I – A decisão impugnada está em consonância com a jurisprudência deste Supremo Tribunal Federal - STF, assentada no sentido da possibilidade de ratificação de atos instrutórios – e até mesmo de atos decisórios – pela autoridade competente (RE 730.579 AgR/TO, Rel. Min. Ricardo Lewandowski, Segunda Turma, DJe de 30/6/2017). Outros precedentes.

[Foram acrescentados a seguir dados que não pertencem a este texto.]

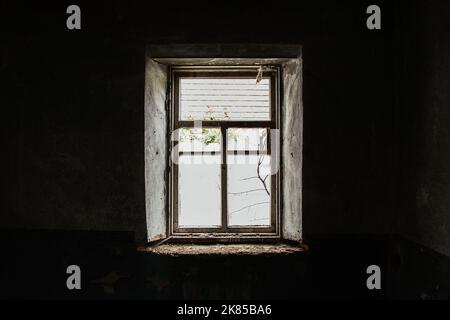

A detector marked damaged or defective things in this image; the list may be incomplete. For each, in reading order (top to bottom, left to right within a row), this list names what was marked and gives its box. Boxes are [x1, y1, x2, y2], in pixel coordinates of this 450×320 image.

broken window pane [179, 78, 270, 121]
broken window pane [229, 156, 270, 228] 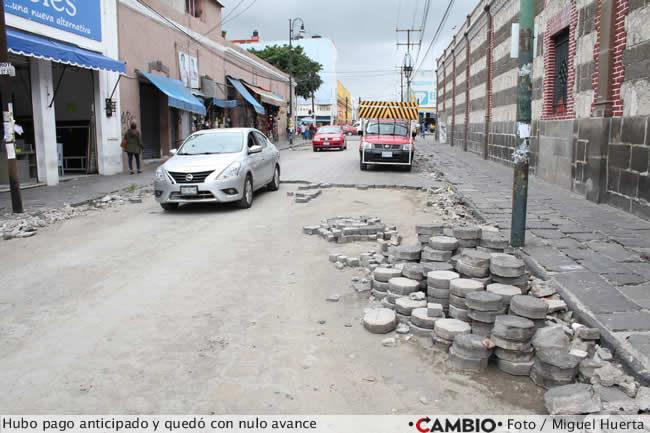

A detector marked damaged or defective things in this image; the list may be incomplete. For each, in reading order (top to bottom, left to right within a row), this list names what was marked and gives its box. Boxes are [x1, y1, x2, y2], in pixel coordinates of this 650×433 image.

damaged road surface [0, 186, 540, 412] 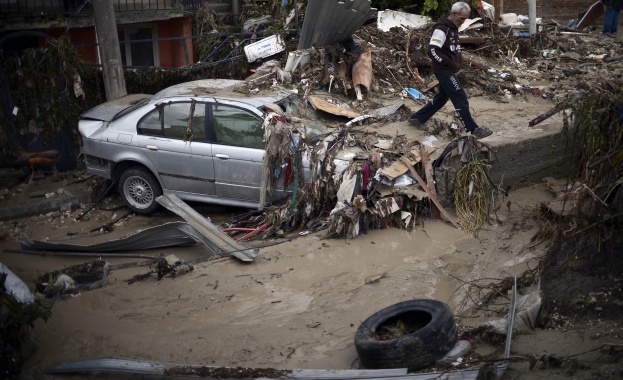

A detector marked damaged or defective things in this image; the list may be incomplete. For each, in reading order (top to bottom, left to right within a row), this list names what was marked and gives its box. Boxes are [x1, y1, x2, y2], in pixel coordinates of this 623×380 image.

damaged car [77, 78, 348, 214]
broken wooden plank [402, 154, 460, 229] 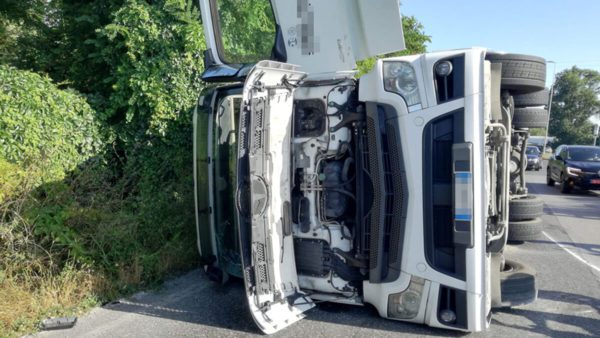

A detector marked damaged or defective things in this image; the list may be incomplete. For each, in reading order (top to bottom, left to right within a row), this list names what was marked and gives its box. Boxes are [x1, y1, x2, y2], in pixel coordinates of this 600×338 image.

II – O STF sedimentou o entendimento segundo o qual não “induz à ilicitude da prova resultante da interceptação telefônica que a autorização provenha de Juiz Federal - aparentemente competente, à vista do objeto das investigações policiais em curso, ao tempo da decisão - que, posteriormente, se haja declarado incompetente, à vista do andamento delas”. (HC 81.260/ES, Rel. Min. Sepúlveda Pertence, Tribunal Pleno, DJ 19/4/2002). E mais: “[...] as provas colhidas ou autorizadas por juízo aparentemente competente à época da autorização ou produção podem ser ratificadas a posteriori, mesmo que venha aquele a ser considerado incompetente, ante a aplicação no processo investigativo da teoria do juízo aparente”. (HC 137.438 AgR/SP, Rel. Min. Luiz Fux, Primeira Turma, DJe de 20/6/2017).
III – Não há ilegalidade a justificar a concessão da ordem de habeas corpus, pelo que dever ser mantido integralmente o acórdão proferido pelo Superior Tribunal de Justiça.
IV – Agravo regimental a que se nega provimento.